** Data for this task **
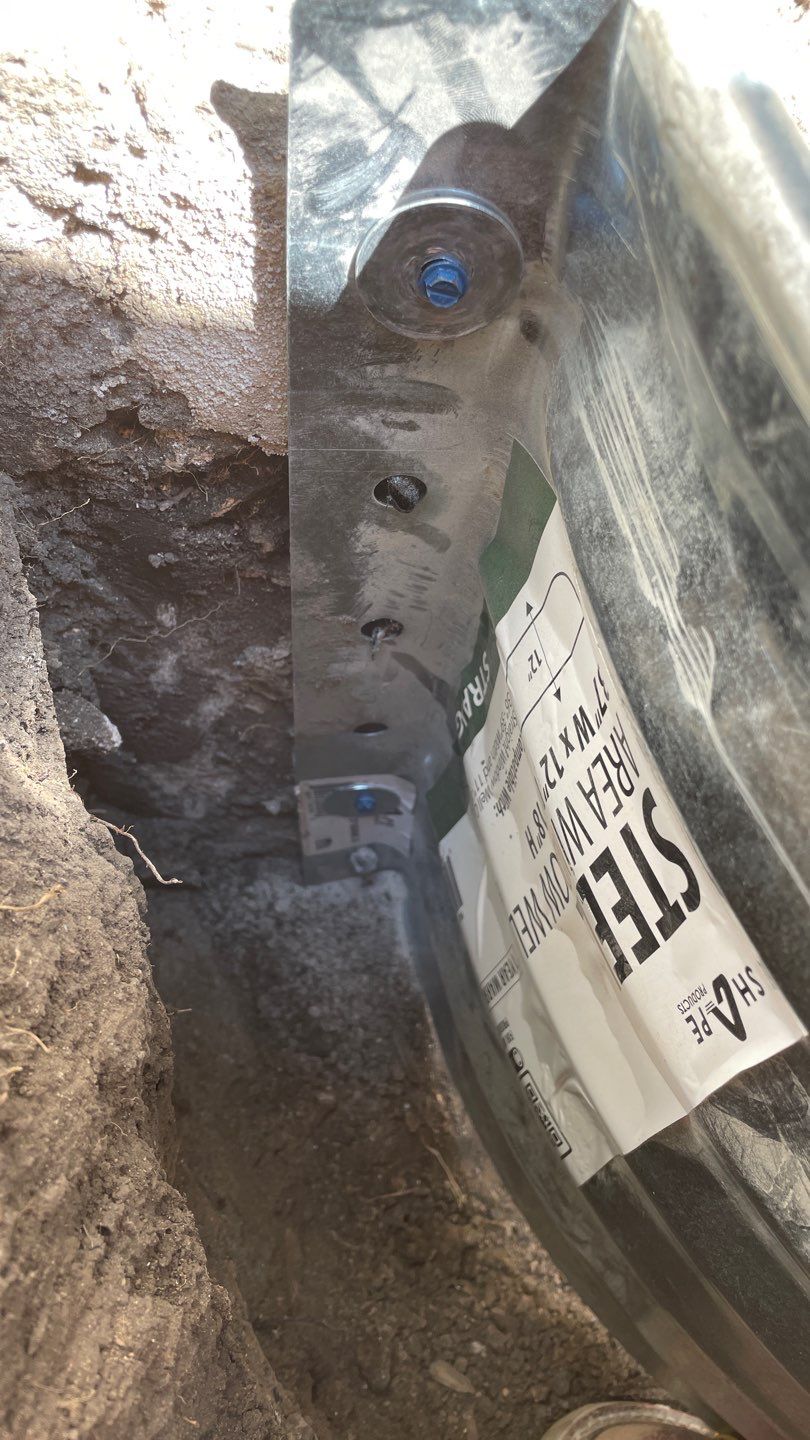 Drain Tile, Window Wells & Buried Discharge in Minneapolis by Waterproofing Northeast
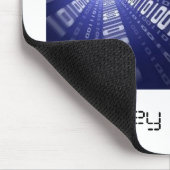 Der Schlüssel ist Bi Mousepad (Ecke)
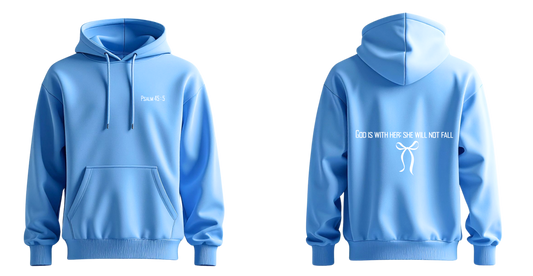 She will not fall hoodie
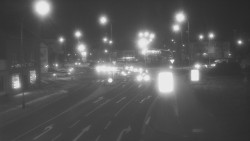 Křižovatka ulic Komenského a Velké Novosady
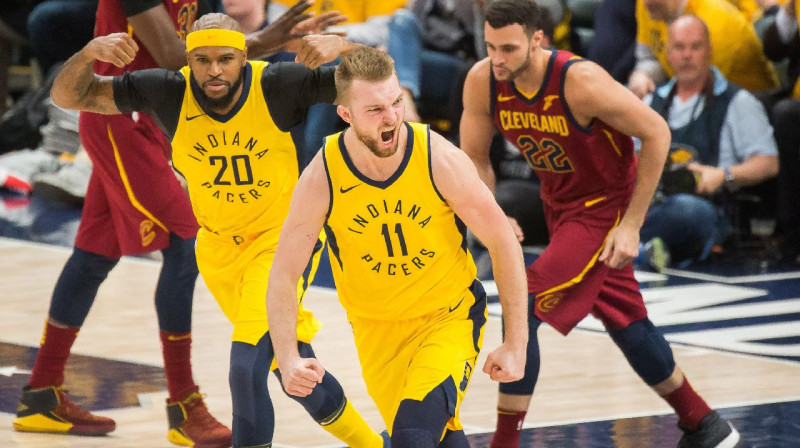 Domants Sabonis 
Foto: Reuters / Scanpix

** What to do **
Every line above needs to be written out again as it stands. Pictures do not belong in the copy.

** Solution to this problem **
 Drain Tile, Window Wells & Buried Discharge in Minneapolis by Waterproofing Northeast
 Der Schlüssel ist Bi Mousepad (Ecke)
 She will not fall hoodie
 Křižovatka ulic Komenského a Velké Novosady
 Domants Sabonis 
Foto: Reuters / Scanpix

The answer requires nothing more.